**ASSIGNED TASK**
Return the listing below unchanged, minus its pictures.

**MATERIALS PROVIDED**
◆ ◆ ◆ ◆

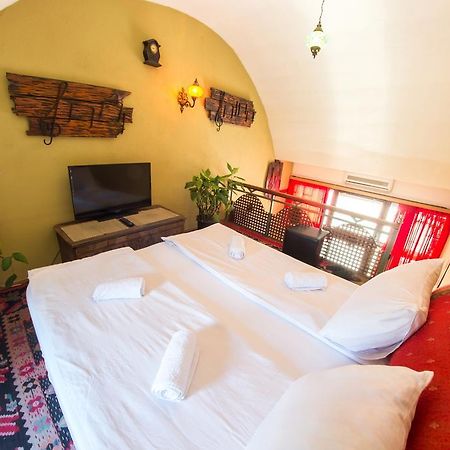 Cozy Studio Apartment Next To The Old Bridge Mostar Bagian luar foto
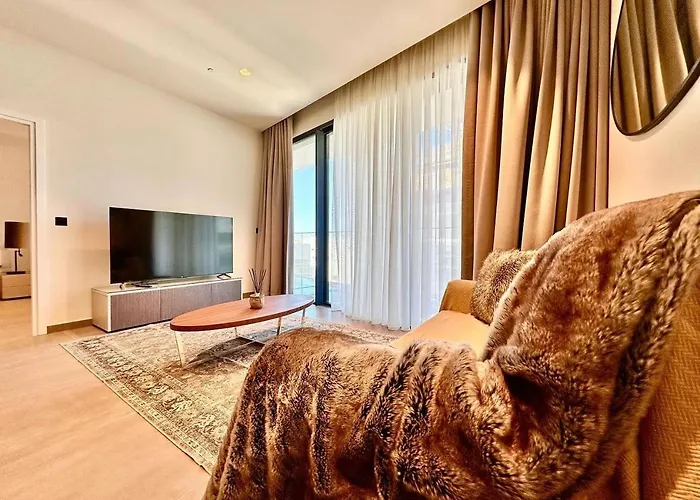 アパート Mercury-tower With Pool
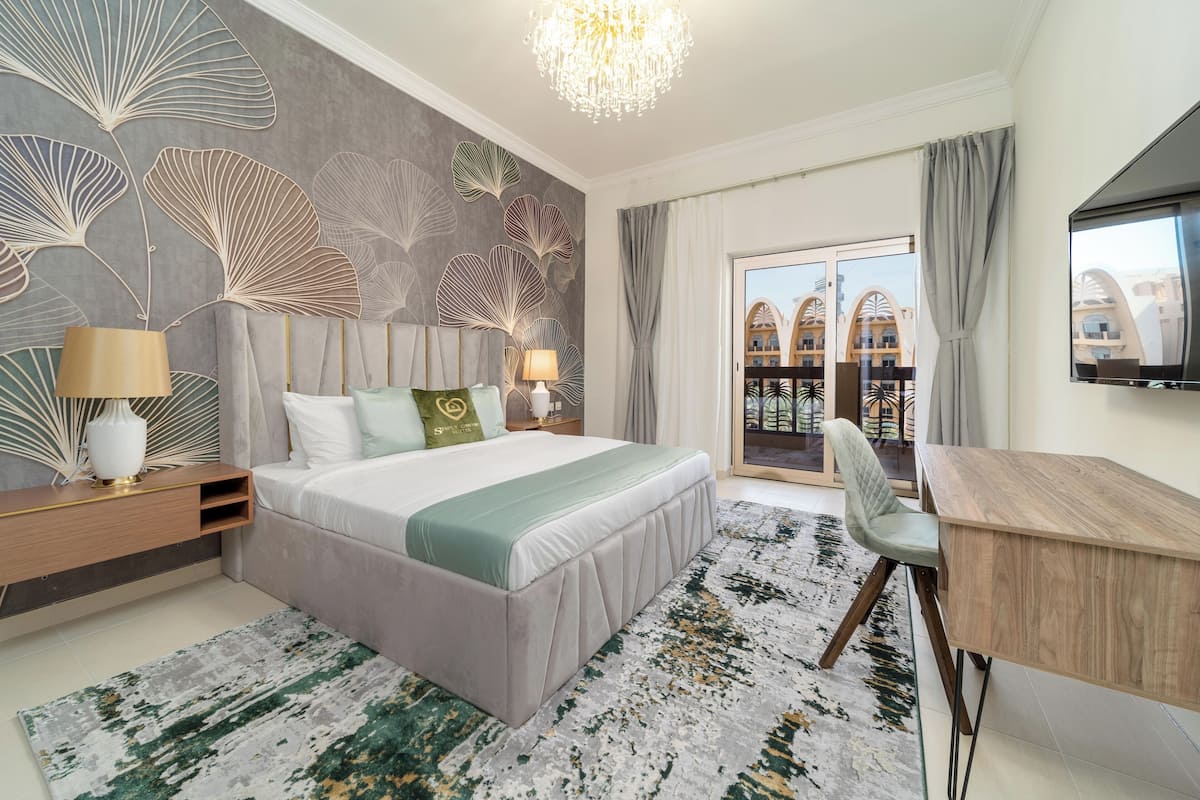 2 bedrooms, premium bedding, individually decorated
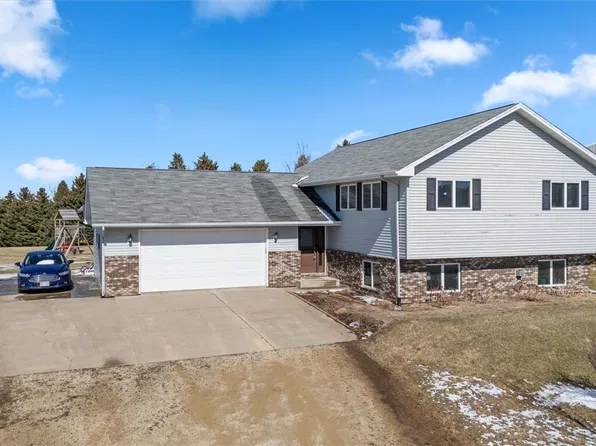 1208 County Road E, New Richmond, WI 54017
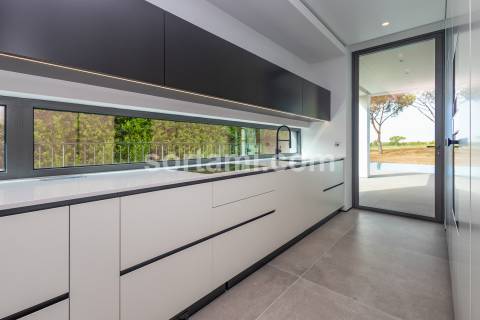 Moradia Isolada T5 Venda em Quarteira,Loulé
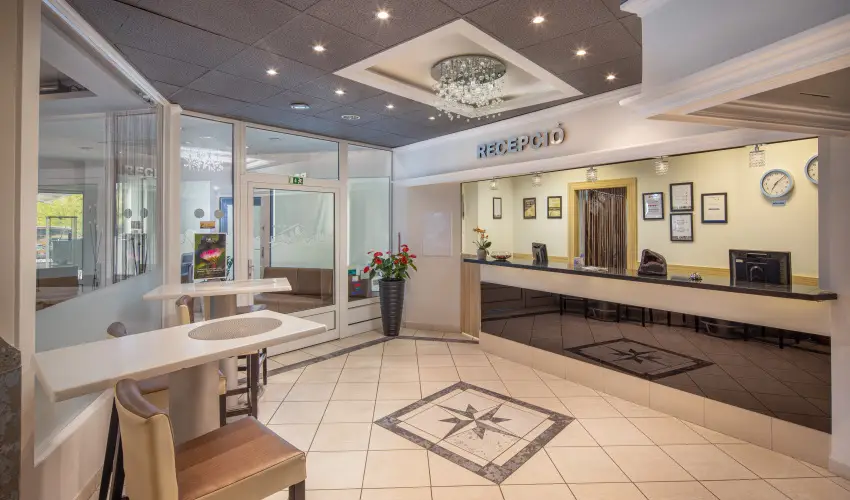 Kristly Hotel Keszthely - Mjus 1.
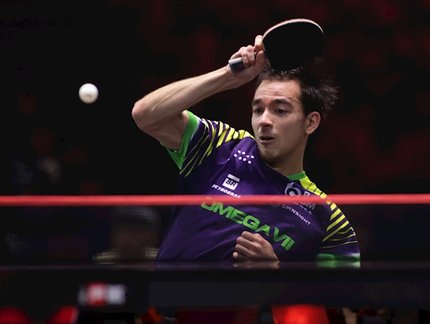 Classificado! Hugo Calderano vence Darko Jorgic por 3 sets 1 e avança às quartas de final do Grand Smash Singapura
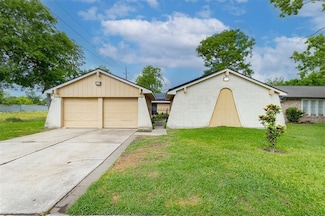 11203 Rousseau Dr, Houston, TX 77065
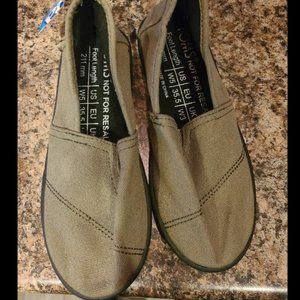 Toms canvas shoes size 5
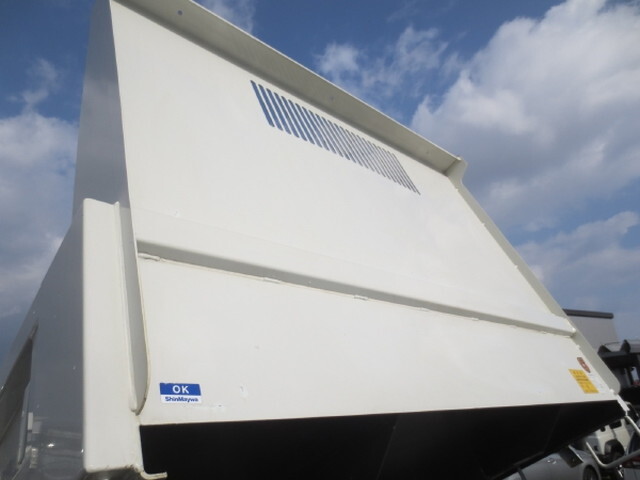 いすゞエルフダンプ小型（2t・3t）[写真10]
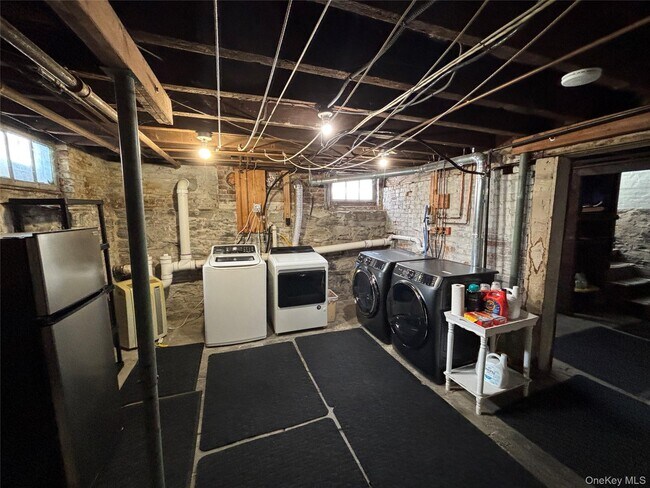 Building Photo - 11 W Bridge St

◆ ◆ ◆ ◆

**WRITTEN RESPONSE**
 Cozy Studio Apartment Next To The Old Bridge Mostar Bagian luar foto
 アパート Mercury-tower With Pool
 2 bedrooms, premium bedding, individually decorated
 1208 County Road E, New Richmond, WI 54017
 Moradia Isolada T5 Venda em Quarteira,Loulé
 Kristly Hotel Keszthely - Mjus 1.
 Classificado! Hugo Calderano vence Darko Jorgic por 3 sets 1 e avança às quartas de final do Grand Smash Singapura
 11203 Rousseau Dr, Houston, TX 77065
 Toms canvas shoes size 5
 いすゞエルフダンプ小型（2t・3t）[写真10]
 Building Photo - 11 W Bridge St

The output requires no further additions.